Celso Antônio Banderia de Melo, ao tecer críticas ao entendimento de Eros Grau, enceta que o conceito de serviço público necessariamente deveria abarcar os critérios materiais e técnico-formais. Explica este autor que: "o serviço público seria toda atividade de oferecimento de utilidade ou comodidade material fruível diretamente pelos administrados, prestados pelo Estado ou por quem lhe faça as vezes, sob o regime de direito público, portanto, consagrador de prerrogativas de supremacia e de restrições especiais (critério material), instituído pelo Estado em favor dos interesses que houver definido como próprios no sistema normativo (critério técnico-formal)" [07].

Lúcia Valle Figueiredo coaduna os três critérios, elaborando a sua definição da seguinte forma: "Serviço Público é toda atividade material fornecida pelo Estado, ou quem esteja a agir, no exercício da função administrativa, se houver permissão constitucional e legal para isso, com o fim de implementação de deveres consagrados constitucionalmente, relacionados à utilidade pública, que deve ser concretizada sob regime de Direito Público." [08]

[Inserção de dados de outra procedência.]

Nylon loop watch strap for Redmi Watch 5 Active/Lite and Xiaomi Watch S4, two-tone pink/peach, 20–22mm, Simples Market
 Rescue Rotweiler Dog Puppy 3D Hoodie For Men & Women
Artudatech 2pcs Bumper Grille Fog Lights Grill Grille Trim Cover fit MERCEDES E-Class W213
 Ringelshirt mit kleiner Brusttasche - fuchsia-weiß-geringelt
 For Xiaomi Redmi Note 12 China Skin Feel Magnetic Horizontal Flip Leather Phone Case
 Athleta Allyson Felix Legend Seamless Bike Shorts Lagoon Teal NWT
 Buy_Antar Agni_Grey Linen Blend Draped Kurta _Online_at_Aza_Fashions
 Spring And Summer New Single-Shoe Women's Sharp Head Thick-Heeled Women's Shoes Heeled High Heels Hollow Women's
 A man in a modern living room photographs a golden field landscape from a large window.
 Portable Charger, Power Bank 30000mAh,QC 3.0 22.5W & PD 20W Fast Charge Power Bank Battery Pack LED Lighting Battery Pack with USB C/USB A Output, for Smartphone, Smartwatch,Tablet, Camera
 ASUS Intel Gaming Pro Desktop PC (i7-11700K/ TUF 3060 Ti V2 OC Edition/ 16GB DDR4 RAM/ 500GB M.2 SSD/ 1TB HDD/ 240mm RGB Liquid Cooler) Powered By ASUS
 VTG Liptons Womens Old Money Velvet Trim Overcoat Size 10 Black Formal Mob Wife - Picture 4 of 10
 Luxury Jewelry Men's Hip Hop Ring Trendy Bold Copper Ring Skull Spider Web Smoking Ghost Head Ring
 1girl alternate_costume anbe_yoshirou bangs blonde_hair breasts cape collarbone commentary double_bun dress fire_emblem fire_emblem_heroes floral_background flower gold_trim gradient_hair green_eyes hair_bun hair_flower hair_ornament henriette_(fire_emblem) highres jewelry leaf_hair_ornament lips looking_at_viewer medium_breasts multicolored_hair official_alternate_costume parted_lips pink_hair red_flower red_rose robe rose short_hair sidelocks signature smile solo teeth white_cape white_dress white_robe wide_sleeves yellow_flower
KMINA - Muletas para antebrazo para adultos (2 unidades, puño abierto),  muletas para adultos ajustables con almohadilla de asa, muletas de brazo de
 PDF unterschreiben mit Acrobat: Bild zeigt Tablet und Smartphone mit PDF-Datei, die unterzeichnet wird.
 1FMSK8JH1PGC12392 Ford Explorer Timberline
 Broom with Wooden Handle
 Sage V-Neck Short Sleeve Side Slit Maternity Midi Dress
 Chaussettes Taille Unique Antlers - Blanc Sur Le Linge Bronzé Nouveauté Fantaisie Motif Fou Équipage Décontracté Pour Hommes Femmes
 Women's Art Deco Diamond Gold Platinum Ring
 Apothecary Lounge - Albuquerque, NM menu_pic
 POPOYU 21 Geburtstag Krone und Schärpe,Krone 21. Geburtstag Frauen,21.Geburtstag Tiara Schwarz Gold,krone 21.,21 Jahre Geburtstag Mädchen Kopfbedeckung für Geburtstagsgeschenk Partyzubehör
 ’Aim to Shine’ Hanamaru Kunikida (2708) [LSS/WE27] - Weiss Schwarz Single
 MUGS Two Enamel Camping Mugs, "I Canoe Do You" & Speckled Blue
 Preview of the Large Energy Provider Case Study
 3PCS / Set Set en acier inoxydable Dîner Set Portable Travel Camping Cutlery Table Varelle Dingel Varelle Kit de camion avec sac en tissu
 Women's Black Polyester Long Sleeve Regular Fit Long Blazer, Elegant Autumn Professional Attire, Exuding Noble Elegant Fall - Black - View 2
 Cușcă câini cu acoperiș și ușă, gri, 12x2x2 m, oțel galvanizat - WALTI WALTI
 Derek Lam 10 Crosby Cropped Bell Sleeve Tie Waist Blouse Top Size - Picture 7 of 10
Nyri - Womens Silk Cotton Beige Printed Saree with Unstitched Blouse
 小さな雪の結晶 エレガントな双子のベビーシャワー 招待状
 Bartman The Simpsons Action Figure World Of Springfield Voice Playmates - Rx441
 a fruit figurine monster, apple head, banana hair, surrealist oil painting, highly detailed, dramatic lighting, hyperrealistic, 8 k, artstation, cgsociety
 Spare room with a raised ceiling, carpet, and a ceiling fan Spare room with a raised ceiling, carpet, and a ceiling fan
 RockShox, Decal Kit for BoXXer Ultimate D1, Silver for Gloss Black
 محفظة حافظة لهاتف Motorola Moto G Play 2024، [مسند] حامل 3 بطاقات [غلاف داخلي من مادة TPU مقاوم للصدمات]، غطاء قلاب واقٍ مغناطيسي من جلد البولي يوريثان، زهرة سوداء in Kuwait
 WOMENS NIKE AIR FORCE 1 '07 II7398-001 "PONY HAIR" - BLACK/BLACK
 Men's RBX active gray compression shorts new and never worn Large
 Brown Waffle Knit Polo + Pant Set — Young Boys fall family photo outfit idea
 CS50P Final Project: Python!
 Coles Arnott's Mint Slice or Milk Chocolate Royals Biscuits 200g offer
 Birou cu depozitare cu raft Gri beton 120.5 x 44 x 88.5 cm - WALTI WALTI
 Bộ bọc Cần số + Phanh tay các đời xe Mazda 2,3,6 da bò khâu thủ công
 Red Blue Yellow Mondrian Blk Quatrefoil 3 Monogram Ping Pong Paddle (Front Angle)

Fábio Barbalho Leite, no entanto, entende que não há divergências entre a tese esposada por Eros Grau e por Celso de Melo, pois necessariamente o critério material vai ser um critério que vai prevalecer. Em outras palavras, o sopesamento do maior ou menor interesse da coletividade em relação ao particular é tarefa do legislador, ou seja, tarefa de decisão legislativa perante e Constituição.

Dentro dessa perspectiva, não há outra opção ao legislador ao instituir novos serviços públicos afora aos já listados no Texto Magno, devendo-se obedecer dois pontos:

a)há limites constitucionais para tanto;

b)tomada a decisão pelo legislador, não lhe cabe optar pelo regime aplicável, este será necessariamente o regime de direito público.

Não obstante, Fábio Barbalho Leite, finaliza que o conceito de serviço público a ser adotado deve ser o do Professor Celso Antônio Bandeira de Melo (critério material e técnico-formal): serviço público é a prestação de utilidades diretamente aos administrados, pelo Estado ou por quem o represente (por intermédio de concessão ou permissão), sob um regime de direito público, visando interesses coletivos, por ele, Estado, tutelados.

Percebe-se, deste modo, que a noção de serviço público em todos os seus aspectos deve ser encontrada na Constituição Federal, eis que a mesma apresenta todos os caracteres necessários a esta definição. Assim, para qualquer forma de aplicação do direito no campo dos serviços público deve ser levada em consideração um conceito constitucional tentando-se dissipar noções que estejam fora do âmbito jurídico a fim de se evitar incongruências.

Portanto, as atividades em que a Constituição trata como serviços públicos não podem ser caracterizadas de outra forma. Já aquelas que não se encontram delineadas na Carta Magna, só podem vir a ser tomadas por serviço publico se o legislador ordinário respeitar sua natureza e não invadir o campo da iniciativa privada. Tal natureza deve ser buscada no conceito de interesse publico e social, inserto implicitamente na Constituição.

3.1 – Especificidade e Divisibilidade do Serviço Público

O Código Tributário Nacional, em seu art. 77, desde de 1965, estabelece que para um tributo ser considerado taxa deve ter como fato gerador o exercício regular do poder de polícia ou prestar serviço público, que deve ser específico e divisível, cuja utilização seja efetiva ou esteja potencialmente colocado ao dispor do cidadão. O núcleo do conceito legal de taxa, que vem repetido por toda legislação exposta, é sua divisibilidade e especificidade.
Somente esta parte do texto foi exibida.